For each full run of CMAP, a folder named <CMAP_Model_Type>___ will be created in the Output Folder. The files of the output folder are described below:

  • vocab-mapping.txt: Words to indices Mapping.
  • behavior-mapping.txt: Actions to indices Mapping.
  • group-priors.txt: Prior probability of groups.
  • group-topic-distribution.txt: Distribution of groups over topics.
  • group-user-distribution.txt: Distribution of groups over users.
  • link-prob.txt: Probability of having a link from group i to group j.
  • group-time-alpha.txt: Group-Time Alpha values.
  • group-time-beta.txt: Group-Time Beta values.
  • topic-word-distribution.txt: Topic to Word Distribution.
  • topic-behavior-distribution.txt: Topic to Behavior Distribution.
  • table-assignment-status.txt: Status of Data points seating.
  • top-topic-words.txt: Top 20 words in a topic.
  • top-topic-behav.txt: Top behaviors in a topic.
  • top-group-users.txt: Top users in a group.

Generating Latent Representations from the trained model

The latent representations of the users can be generated by using the codes provided in Posterior-Computation folder. The folder contains 2 scripts corresponding to the 2 main variants (unified and factored) of our model. Both the codes require the following inputs:

--output_path <path>:     Path to CMAP output folder
--corpus_path <path>:     Path to <dataset>_pre_processed file
--links_path <path>:      Path to <dataset>_links file
--G <num_groups>:         Specify the value of number of groups (default: 20)
--K <num_topics>:         Specify number of topics (Use only for unified model) (default: 20)
--K_w <num_text_topics>:  Specify number of text topics (Use only for factored model) (default: 20)
--K_b <num_behav_topics>: Specify number of behavior topics (Use only for factored model) (default: 5)
--discount <d>:           Specify the value of dicount parameter (default: 0.5)
--help:                   Print help

Both the scripts output posteriors in the following file <CMAP_Output>/posteriors-user-interactions.txt.
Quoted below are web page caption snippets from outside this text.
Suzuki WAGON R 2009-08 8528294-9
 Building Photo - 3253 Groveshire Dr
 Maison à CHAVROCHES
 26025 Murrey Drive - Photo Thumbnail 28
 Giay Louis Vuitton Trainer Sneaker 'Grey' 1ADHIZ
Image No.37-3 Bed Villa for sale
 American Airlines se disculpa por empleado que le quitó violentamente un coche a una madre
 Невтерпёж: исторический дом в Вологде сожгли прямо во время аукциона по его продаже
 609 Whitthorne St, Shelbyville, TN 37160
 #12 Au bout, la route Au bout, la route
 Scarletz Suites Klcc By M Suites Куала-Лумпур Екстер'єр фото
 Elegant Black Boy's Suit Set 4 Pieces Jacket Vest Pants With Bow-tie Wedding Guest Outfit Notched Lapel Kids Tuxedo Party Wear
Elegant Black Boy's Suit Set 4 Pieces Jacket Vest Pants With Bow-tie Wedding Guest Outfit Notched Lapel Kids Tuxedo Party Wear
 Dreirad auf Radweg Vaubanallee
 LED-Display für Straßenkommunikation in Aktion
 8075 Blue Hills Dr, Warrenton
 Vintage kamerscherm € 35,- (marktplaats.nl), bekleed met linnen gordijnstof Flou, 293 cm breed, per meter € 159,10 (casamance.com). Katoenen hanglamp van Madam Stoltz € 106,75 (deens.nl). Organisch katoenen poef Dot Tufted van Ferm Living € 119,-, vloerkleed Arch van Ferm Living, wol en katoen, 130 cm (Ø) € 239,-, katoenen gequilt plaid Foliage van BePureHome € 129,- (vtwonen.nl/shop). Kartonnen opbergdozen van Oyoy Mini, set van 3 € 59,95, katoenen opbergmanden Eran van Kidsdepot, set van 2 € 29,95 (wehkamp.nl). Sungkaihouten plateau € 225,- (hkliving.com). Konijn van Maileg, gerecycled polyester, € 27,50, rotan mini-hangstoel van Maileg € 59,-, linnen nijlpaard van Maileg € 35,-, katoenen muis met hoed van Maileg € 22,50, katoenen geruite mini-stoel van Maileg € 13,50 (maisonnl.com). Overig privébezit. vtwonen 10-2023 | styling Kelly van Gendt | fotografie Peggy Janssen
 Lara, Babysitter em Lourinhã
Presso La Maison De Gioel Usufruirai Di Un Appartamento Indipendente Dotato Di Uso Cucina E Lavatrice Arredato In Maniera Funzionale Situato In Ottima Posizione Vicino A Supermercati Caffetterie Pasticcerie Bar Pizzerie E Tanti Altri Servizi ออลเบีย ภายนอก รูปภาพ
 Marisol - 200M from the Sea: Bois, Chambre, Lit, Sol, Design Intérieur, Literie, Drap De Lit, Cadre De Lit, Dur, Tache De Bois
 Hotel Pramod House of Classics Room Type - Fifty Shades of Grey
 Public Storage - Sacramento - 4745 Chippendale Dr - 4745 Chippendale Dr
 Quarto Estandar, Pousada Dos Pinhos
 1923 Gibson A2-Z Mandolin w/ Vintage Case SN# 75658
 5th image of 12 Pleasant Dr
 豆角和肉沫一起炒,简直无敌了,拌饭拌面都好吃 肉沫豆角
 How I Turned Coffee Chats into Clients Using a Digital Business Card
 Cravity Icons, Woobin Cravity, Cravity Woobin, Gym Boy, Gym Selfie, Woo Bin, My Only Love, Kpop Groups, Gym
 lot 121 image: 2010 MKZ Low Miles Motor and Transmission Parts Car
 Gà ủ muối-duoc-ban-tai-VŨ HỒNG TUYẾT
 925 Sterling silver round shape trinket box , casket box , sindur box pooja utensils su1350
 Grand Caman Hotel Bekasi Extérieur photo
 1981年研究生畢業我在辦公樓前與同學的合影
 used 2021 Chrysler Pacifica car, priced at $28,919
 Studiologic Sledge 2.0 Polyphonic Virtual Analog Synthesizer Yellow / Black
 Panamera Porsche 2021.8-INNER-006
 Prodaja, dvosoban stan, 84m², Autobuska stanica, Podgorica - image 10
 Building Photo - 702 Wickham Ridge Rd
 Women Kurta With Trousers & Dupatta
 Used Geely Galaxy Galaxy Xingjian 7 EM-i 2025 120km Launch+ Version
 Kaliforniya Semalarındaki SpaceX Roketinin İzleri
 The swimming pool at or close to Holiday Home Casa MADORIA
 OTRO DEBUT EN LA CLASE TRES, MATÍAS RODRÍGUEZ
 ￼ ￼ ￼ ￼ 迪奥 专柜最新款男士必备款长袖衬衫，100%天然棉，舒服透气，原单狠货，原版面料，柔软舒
Each line of the file contains UserId and list of posteriors (tab-separated). UserId is the id of user as provided in the _pre_processed file. List of posteriors contain posteriors of all interactions (data points) of the user. For generating the latent representation of users, their posterior list is aggregated using either L1-norm or L2-norm along the interaction axis. We use L2-norm over interaction posteriors for generating user representations in all the tasks (Certificate Earner, Reputed Users, Question Recommendation, and Future Activity Prediction). Moreover, interaction level posterior (without any aggregation) are utilized for the tasks of Question Recommendation and Future Activity Prediction. Refer to the paper for details regarding the tasks.